Il guanto caldo che conforta pazienti Covid

Virale tecnica 'mano di Dio' realizzata da infermiera Brasile

Redazione ANSA ROMA

(ANSA) - ROMA, 08 APR - Un modo speciale di 'tenere la mano' a un paziente Covid, calmante e confortante, fatto di un guanto riempito di acqua calda e fissato tra le dita della mano. È diventata virale la soluzione adottata da un'infermiera brasiliana Lidiane Melo, 36 anni, in forze alo' Hospital Universitário Clementino Fraga Filho di Rio deJaneiro - che e già stata denominata técnica da mãozinha" (la manina) o "mão de Deus", mano di Dio, e che ha un duplice scopo:medico ma anche psicologico.
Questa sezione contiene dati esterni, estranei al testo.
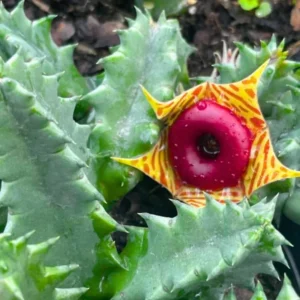 Zebrina Cactus, Lifesaver Cactus Plant Live, Rare Cactus Plant Potted, Houseplant Succulent Live in 2 Inch Potted, Home Decor, Cold Hardy, Ornamental Cactus Starfish Plant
L'infermiera ha infatti spiegato ai media brasiliani che in un turno molto teso l'anno scorso,non riusciva a misurare la saturazione di un paziente. "La sua mano era molto fredda-evidenzia - l'ho avvolta in cotone ortopedico e benda, che è una pratica prevista in infermieristica, ma non ha funzionato. La circolazione non è migliorata. Ho pensato di bagnargli la mano con acqua tiepida, ma a causa del rischio di contaminazione l'idea non era buona. Ci ho pensato ancora un po 'e ho messo l'acqua calda dentro dei guanti chirurgici e gliela ho avvolta sulla mano ".
    La tecnica ha funzionato e in tre minuti la cosiddetta perfusione del paziente, che è la consegna del sangue ai tessuti del corpo, è migliorata. Ha misurato la saturazione di ossigeno e iniziato il trattamento. La storia ha un anno, ma è stato solo il 14 marzo che Lidiane ha ritrovato la foto sul cellulare e ha deciso di postarla. La foto e la didascalia che accompagnava l'immagine sono diventate rapidamente virali. Oltre a miglioramento della circolazione sanguigna: la tecnica applicata dall'infermiera porta conforto psicologico. In un altro turno, Lidiane racconta infatti a O Globo di essersi imbattuta in una signora che era molto agitata quando ha saputo che avrebbe avuto bisogno di essere intubata. "Non ci ha permesso di sedarla - aggiunge - ha detto solo che non potevamo lasciarla morire, doveva prendersi cura della famiglia . Mi ha chiesto di tenerle la mano. Le ho detto che non potevo, che aveva altri pazienti di cui occuparmi, ma che avrei fatto qualcosa. Ho messo in atto la tecnica, si è calmata, ha detto che sembrava che le tenessi la mano, e ho detto che non era la mia, che avrebbe dovuto pensare che fosse la mano di Dio, che l'avrebbe aiutata a uscire da lì ". (ANSA).